Diese Krisenmomente markieren das Ende des Intensitäts-Spektrums der Kommunikation und damit das Damoklesschwert, das jederzeit über der gemeinsamen Beziehung schwebt. Fast jeder kennt es aus der persönlichen Erfahrung: Wenn ich erlebt habe, wie ein Partner, Freund oder eine andere wichtige Bezugsperson sich in kritischen Situationen wie „das Letzte“ verhält, kann ich mich auch in guten Situationen nur eingeschränkt entspannen und zurücklehnen. Die Angst vor einem Stimmungswechsel und dem, was dann kommen könnte, schwingt einfach mit und verhindert zukünftig, dass die Beziehung über einen bestimmten Grad an Tiefe und Stärke hinausgeht. Natürlich differenzieren wir und verstehen, wenn eine einmalige oder seltene harsche Kommunikation nachvollziehbar begründet ist. Erleben wir aber wiederholt unerwartete und unverhältnismäßige Übertritte, lassen wir uns nach und nach weniger auf den anderen ein. Wenn es an grundlegendem Respekt mangelt, bekommt die Beziehung einen Knacks. Merke: Je schlimmer es auf der negativen Seite einmal wird, umso weniger schön kann es auf der positiven Seite zukünftig noch werden.
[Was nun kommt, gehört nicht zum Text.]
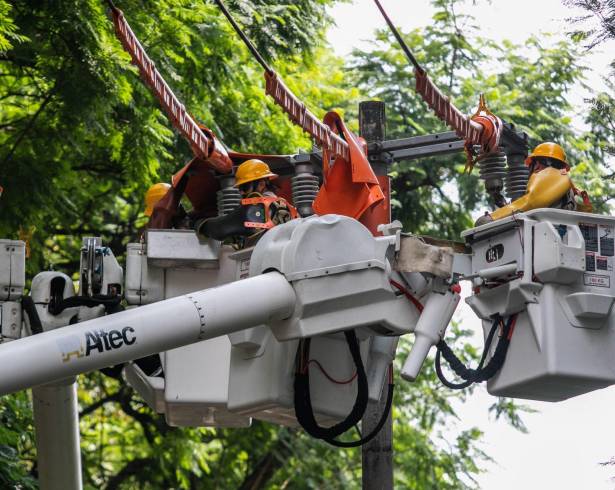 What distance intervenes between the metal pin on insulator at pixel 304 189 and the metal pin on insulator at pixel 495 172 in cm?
138

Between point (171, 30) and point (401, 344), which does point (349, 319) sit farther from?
point (401, 344)

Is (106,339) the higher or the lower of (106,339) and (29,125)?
the lower

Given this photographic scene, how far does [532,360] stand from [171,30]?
808 cm

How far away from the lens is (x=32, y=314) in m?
12.9

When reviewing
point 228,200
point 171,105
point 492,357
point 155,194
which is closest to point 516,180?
point 492,357

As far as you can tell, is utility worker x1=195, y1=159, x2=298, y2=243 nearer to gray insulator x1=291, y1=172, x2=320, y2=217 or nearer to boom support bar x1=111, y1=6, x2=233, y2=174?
gray insulator x1=291, y1=172, x2=320, y2=217

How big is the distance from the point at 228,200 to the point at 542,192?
2.74 metres

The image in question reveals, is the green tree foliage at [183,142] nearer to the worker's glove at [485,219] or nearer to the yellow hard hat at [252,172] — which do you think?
the yellow hard hat at [252,172]

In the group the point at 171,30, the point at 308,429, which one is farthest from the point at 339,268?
the point at 171,30

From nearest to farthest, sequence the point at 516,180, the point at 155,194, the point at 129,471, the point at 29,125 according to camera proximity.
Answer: the point at 516,180 → the point at 155,194 → the point at 29,125 → the point at 129,471

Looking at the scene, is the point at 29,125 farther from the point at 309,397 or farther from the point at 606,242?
the point at 606,242

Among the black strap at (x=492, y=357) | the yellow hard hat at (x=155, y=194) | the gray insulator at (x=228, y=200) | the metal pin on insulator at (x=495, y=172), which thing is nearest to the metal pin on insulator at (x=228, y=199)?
the gray insulator at (x=228, y=200)

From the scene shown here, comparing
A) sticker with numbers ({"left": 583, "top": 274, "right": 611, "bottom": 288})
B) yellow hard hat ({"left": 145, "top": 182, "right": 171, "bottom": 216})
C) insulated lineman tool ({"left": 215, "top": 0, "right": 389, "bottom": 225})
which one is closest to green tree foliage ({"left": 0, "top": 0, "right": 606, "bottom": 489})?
yellow hard hat ({"left": 145, "top": 182, "right": 171, "bottom": 216})

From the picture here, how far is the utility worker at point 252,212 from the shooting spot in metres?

Achtsamkeit als Grundlage für einen respektvollen Umgang

Die Kernfrage lautet also: Was kann Führung tun, um in kritischen Situationen weiterhin respektvoll zu kommunizieren? Eine entmutigende, aber ehrliche Antwort lautet leider: Wenn wir emotional getroffen wurden, gelingt ist kaum, sonst gut funktionierende Gesprächstechniken einzusetzen, um sauber und wertschätzend zu kommunizieren. Wenn die Emotionen kommen, geht der Verstand: Techniken wie die Ich-Botschaft oder die gewaltfreie Kommunikation sind gut, solange wir emotional entspannt und Herr der Lage sind. Drückt ein Gesprächspartner unbewusst, aber zielsicher unsere wunden Knöpfe, sprudeln die Du-Botschaften und Anklagen dann aber irgendwann doch aus uns raus und gießen Öl ins Beziehungsfeuer. Ein Blick auf die sieben Stufen der Wertschätzung zeigt, dass genau in diesen Situationen der Respekt verloren geht. Was also tun?
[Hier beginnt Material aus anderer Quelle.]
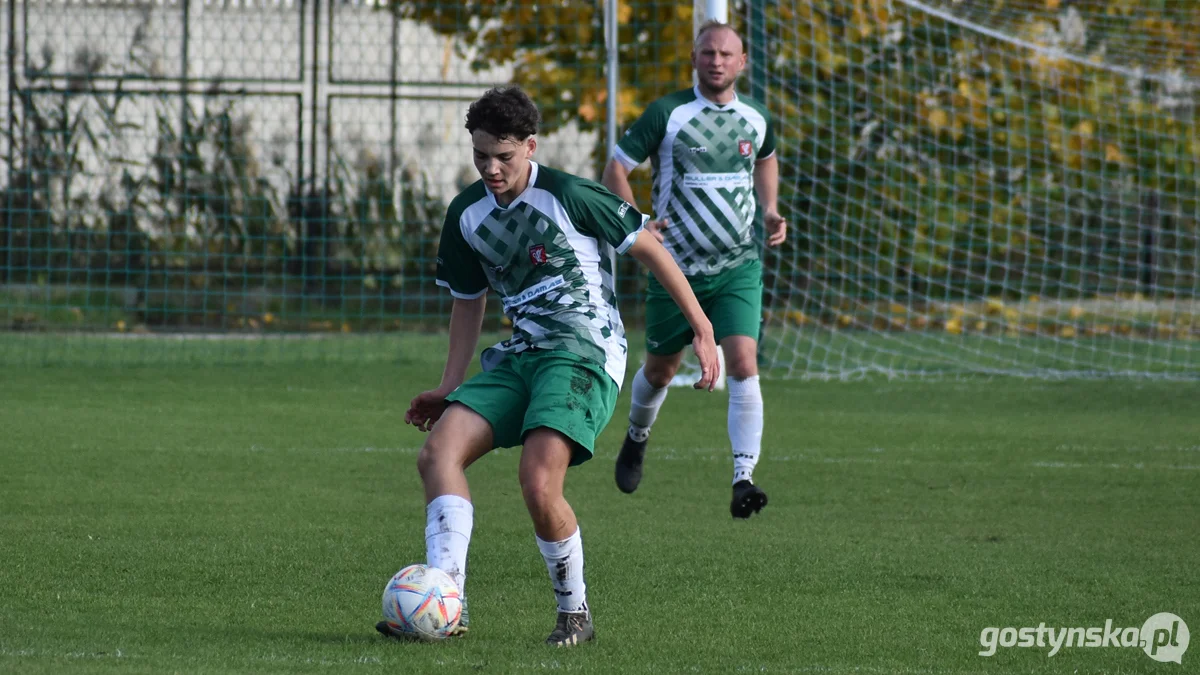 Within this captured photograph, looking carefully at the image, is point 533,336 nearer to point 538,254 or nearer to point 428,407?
point 538,254

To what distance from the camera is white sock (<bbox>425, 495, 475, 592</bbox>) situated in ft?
13.3

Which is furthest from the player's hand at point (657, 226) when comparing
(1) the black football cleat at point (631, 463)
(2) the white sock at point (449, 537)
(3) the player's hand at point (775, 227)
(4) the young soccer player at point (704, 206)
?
(2) the white sock at point (449, 537)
Die Lösung liegt darin, eine Ebene tiefer anzusetzen. Achtsamkeit ermöglicht uns, den Spalt zwischen Reiz und emotionaler Reaktion zu erfassen, zu weiten und eine bewusste Entscheidung zu treffen, wie wir weiter kommunizieren wollen. Auf neuronaler Ebene geht es dabei um die Frage, ob unser rationales Top-Down System die aufsteigenden Impulse unseres triebgesteuerten Button-Up Systems unter Kontrolle halten kann, oder nicht. Wie gut das gelingt, hängt davon ab, wie stark der Präfrontale Cortex (PFC) in unserem Großhirn ist. Achtsamkeit ist also wie ein Muskel, der sich trainieren lässt und findige Forscher haben hierzu sogar Trainingstools entwickelt, mit denen sich der PFC stärken lässt. Mit sogenannten N-Back Trainings können wir genau jene Bereiche unseres Gehirns trainieren, die in Krisensituationen darüber entscheiden, ob wir die Kontrolle verlieren, oder nicht. In Studien zeigte sich, dass tägliche 20minütige Trainings mit einer N-Back-App nach sechs Wochen dazu führten, dass die exekutiven Fähigkeiten (Arbeitsgedächtnis, Inhibition und kognitive Flexibilität) der Probanden um bis zu 20% stiegen.

Nachhaltiger als ein einmaliger sechswöchiger Tropfen auf den Gewohnheitsstein dürfte ein längeres Training sein. Ich persönlich habe mit der „Brain N-Back“ App aus dem Playstore gute Erfahrungen gemacht. Eine Trainingsrunde dauert bei dieser ca. zwei Minuten und man kann den Schwierigkeitsgrad nach und nach den eigenen Fähigkeiten anpassen. Mit ein paar Runden täglichem Training lässt sich der PFC nachhaltig stärken, um zukünftig in kritischen Situationen achtsamer zu bleiben und wertschätzender zu kommunizieren.